From the listing below, give again exactly the lines from the line with "Free photo grandparent" to the line with "Bảng size giày của Puma", ends included, without any pictures.

▶ _LISTED ENTRIES_:
★ ★ ★ ★ ★
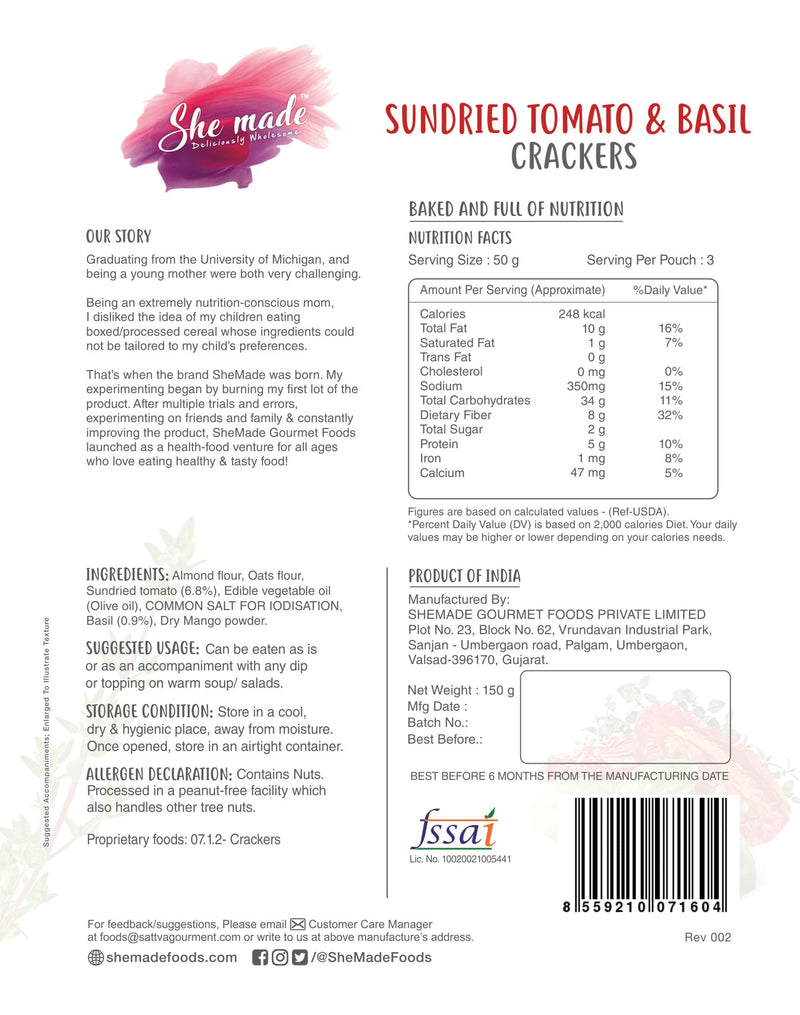 She Made Sundried Tomato & Basil Crackers 150g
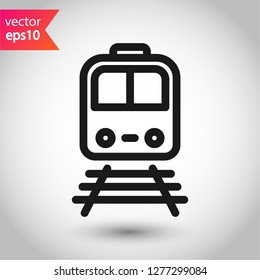 Train icon. Subway line icon. Metro symbol. Locomotive vector sign. Train outline vector icon. EPS 10. Public transport icon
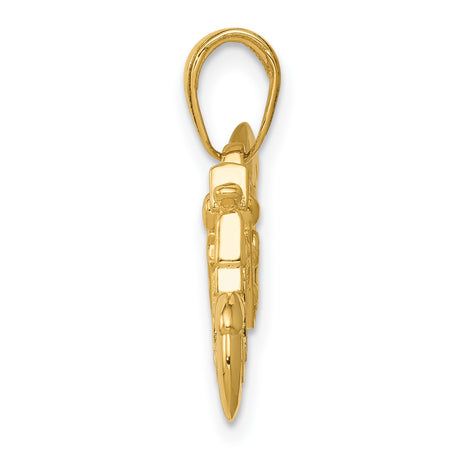 10k Yellow Gold Motorcycle Pendant, Detailed Chopper Bike Charm for Biker Jewelry Lovers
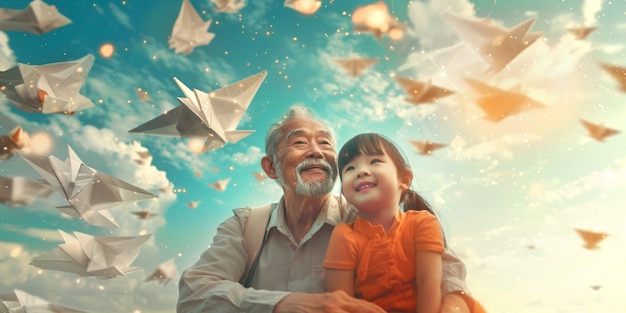 Free photo grandparent spending time their grandchildren in magical and fantasy environment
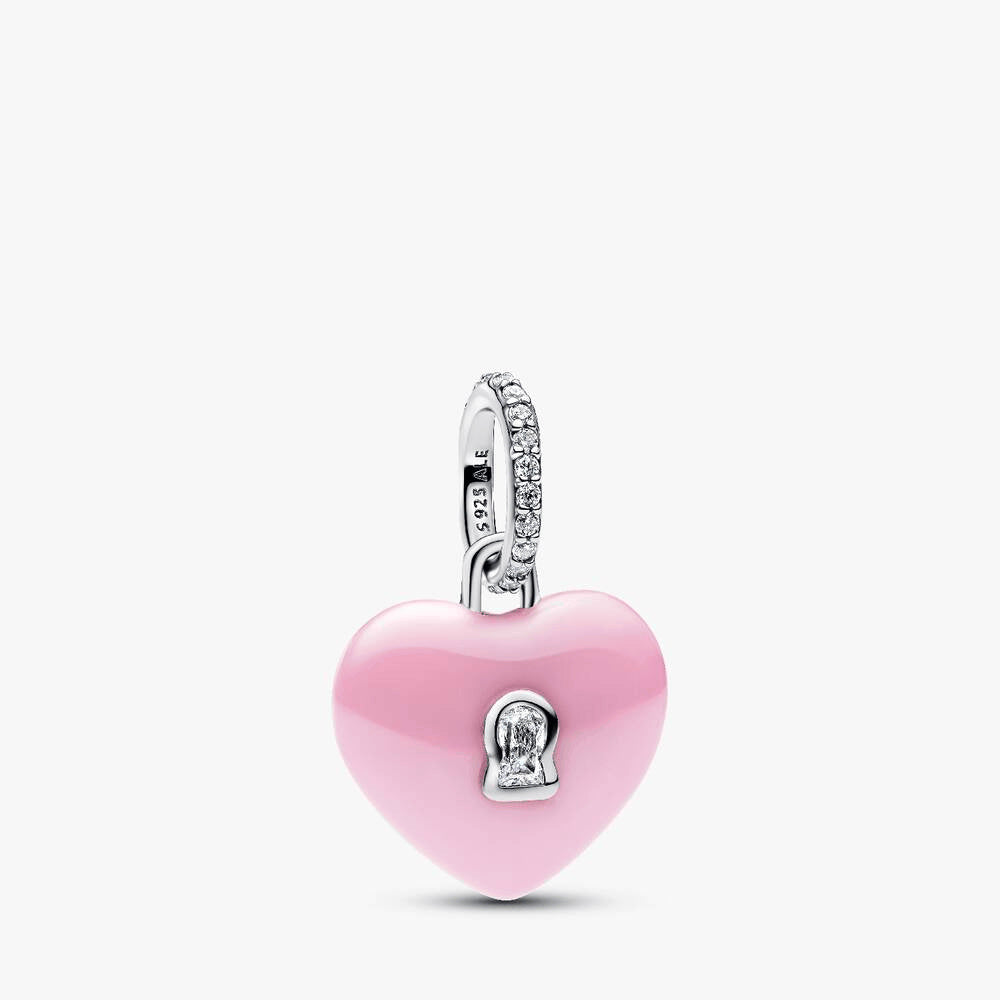 Pink Ceramic Heart Padlock Dangle Charm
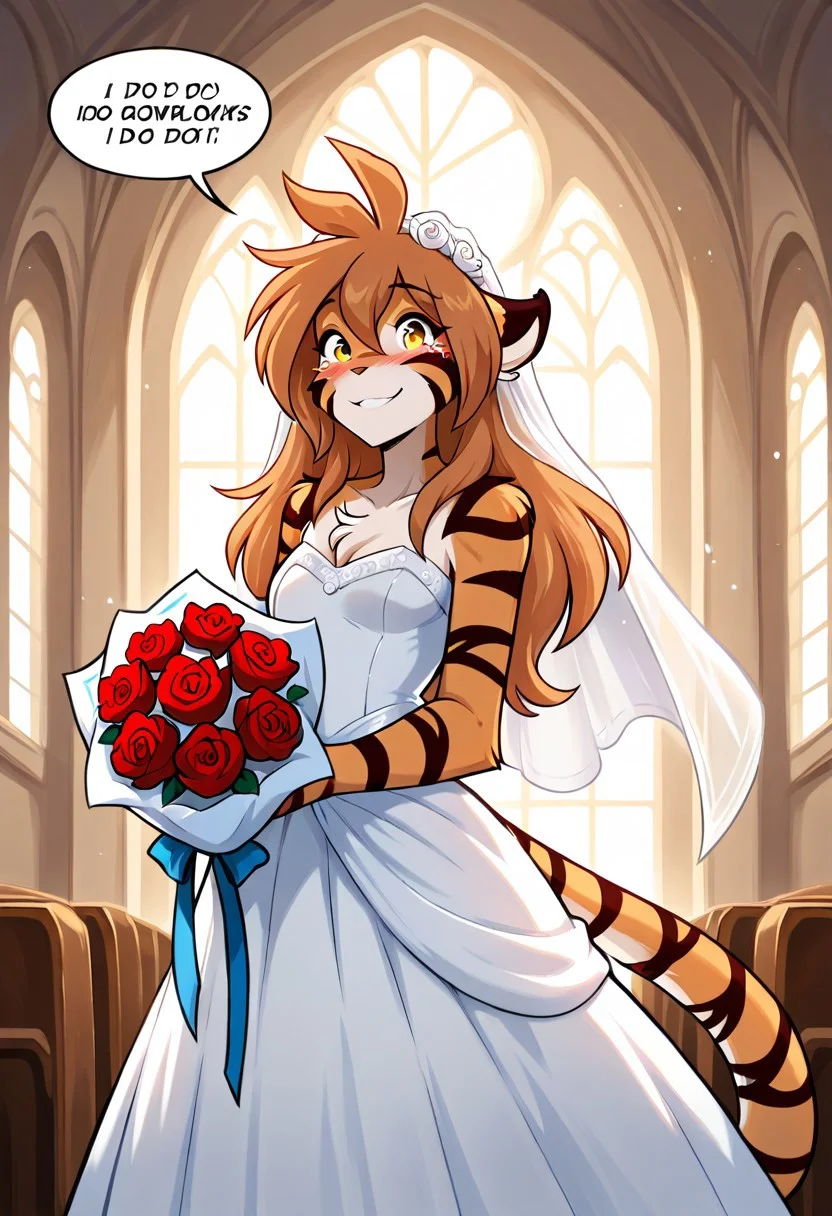 solo, furry female anthro, small breasts, In church, standing at alter, wearing white wedding dress, holding bouquet of roses, looking at viewer, blushing, smiling, tears in eyes, speech bubble, bubble text "I do"
<lora:Flora-Twokinds-ILXL-AnonTK-V3:0.8> , flora-twokinds, keidran, tiger tail, yellow eyes, long hair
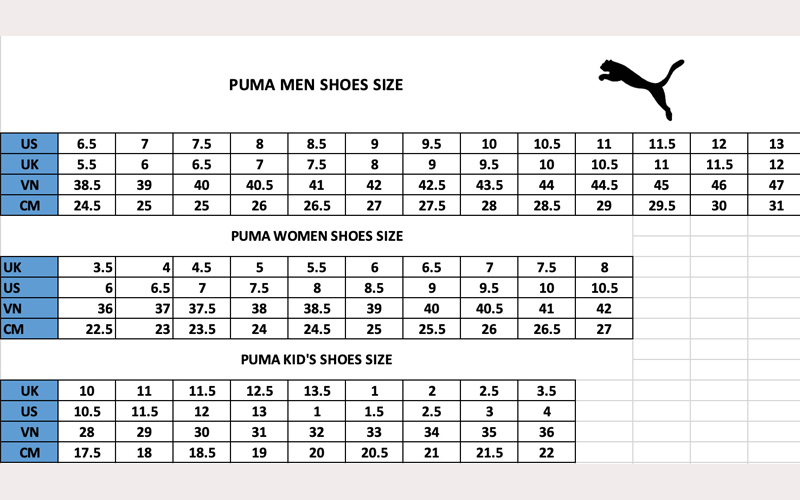 Bảng size giày của Puma
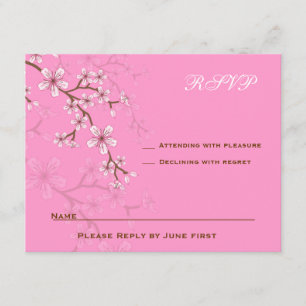 Gabriella Pink Blossoms Bat Mitzvah RSVP Card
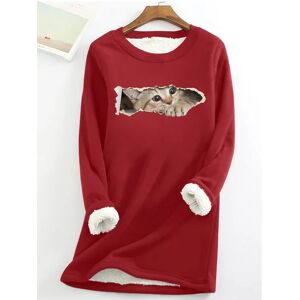Lilicloth.com Women Funny Cat Simple Warmth Fleece Sweatshirt - Red - Size: 3XL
★ ★ ★ ★ ★
▶ _ANSWER TO THE EXERCISE_:
 Free photo grandparent spending time their grandchildren in magical and fantasy environment
 Pink Ceramic Heart Padlock Dangle Charm
 solo, furry female anthro, small breasts, In church, standing at alter, wearing white wedding dress, holding bouquet of roses, looking at viewer, blushing, smiling, tears in eyes, speech bubble, bubble text "I do"
<lora:Flora-Twokinds-ILXL-AnonTK-V3:0.8> , flora-twokinds, keidran, tiger tail, yellow eyes, long hair
 Bảng size giày của Puma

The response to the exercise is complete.